Work order:
What follows is a set of records. Retype them exactly, leaving out the pictures.
=== Begin Enclosure ===
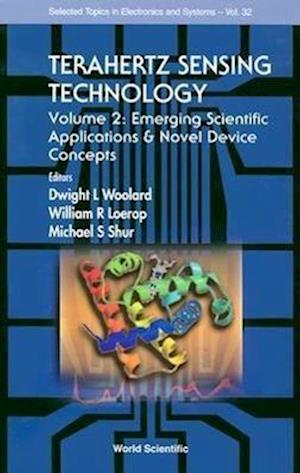 Terahertz Sensing Technology - Vol 2: Emerging Scientific Applications And Novel Device Concepts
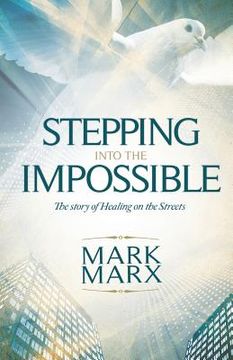 portada Stepping Into the Impossible: The story of healing on the streets (en Inglés)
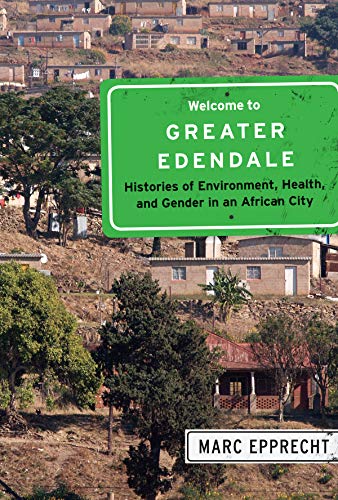 Beispielbild fr Welcome to Greater Edendale Histories of Environment, Health, and Gender in an African City zum Verkauf von Michener & Rutledge Booksellers, Inc.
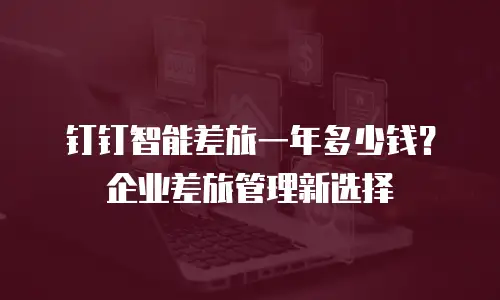 钉钉智能差旅一年多少钱？企业差旅管理新选择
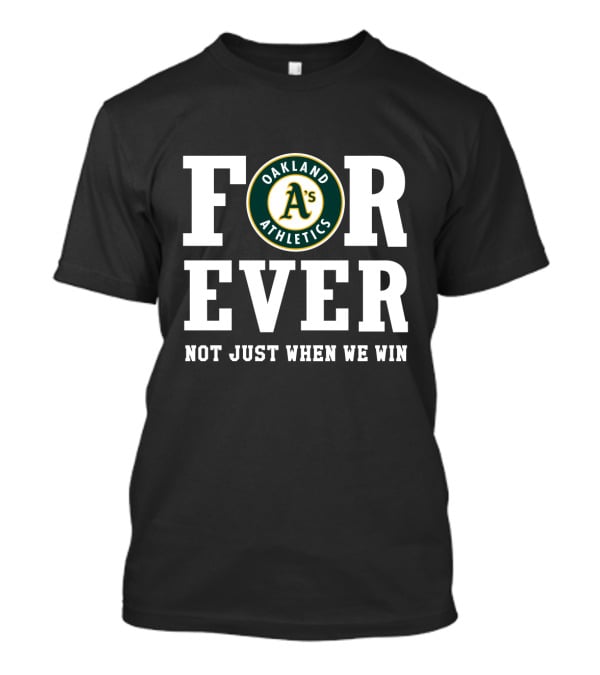 Oakland Athletics Forever Not Just When We Win T-Shirt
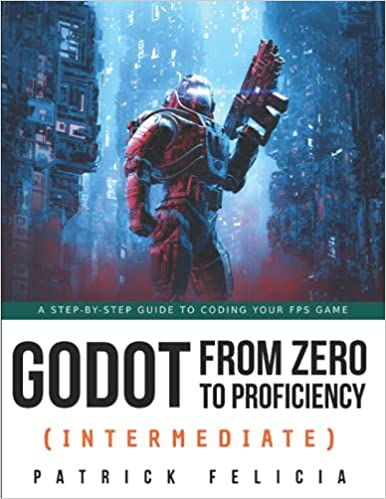 Godot from Zero to Proficiency (Intermediate): A step-by-step guide to code your FPS with Godot: 3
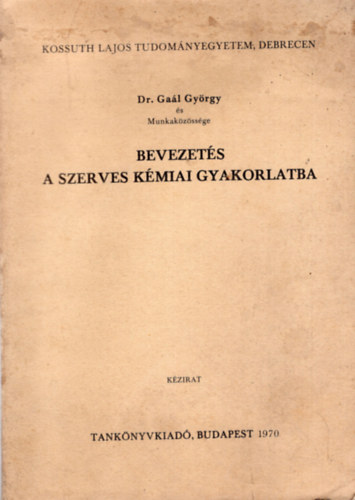 Dr. Ga�l Gy�rgy - Bevezet�s a szerves k�miai gyakorlatba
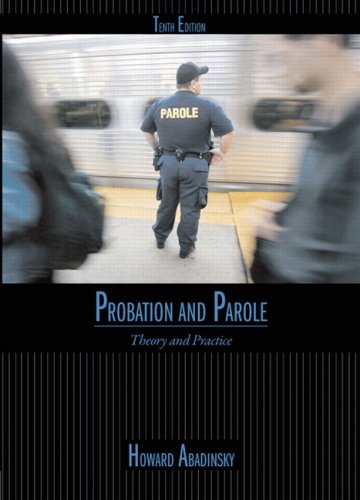 Probation and Parole Theory and Practice 10th 2009 9780132350051 Front Cover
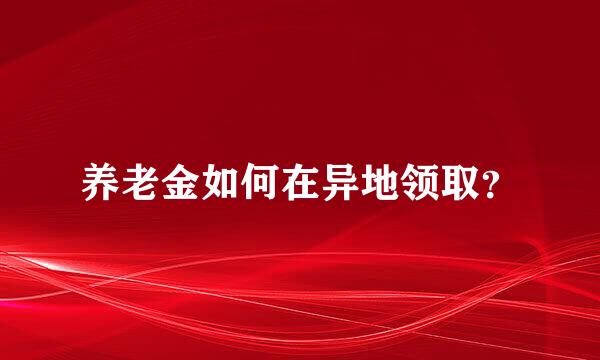 养老金如何在异地领取？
=== End Enclosure ===
Result below:
 Terahertz Sensing Technology - Vol 2: Emerging Scientific Applications And Novel Device Concepts
 portada Stepping Into the Impossible: The story of healing on the streets (en Inglés)
 Beispielbild fr Welcome to Greater Edendale Histories of Environment, Health, and Gender in an African City zum Verkauf von Michener & Rutledge Booksellers, Inc.
 钉钉智能差旅一年多少钱？企业差旅管理新选择
 Oakland Athletics Forever Not Just When We Win T-Shirt
 Godot from Zero to Proficiency (Intermediate): A step-by-step guide to code your FPS with Godot: 3
 Dr. Ga�l Gy�rgy - Bevezet�s a szerves k�miai gyakorlatba
 Probation and Parole Theory and Practice 10th 2009 9780132350051 Front Cover
 养老金如何在异地领取？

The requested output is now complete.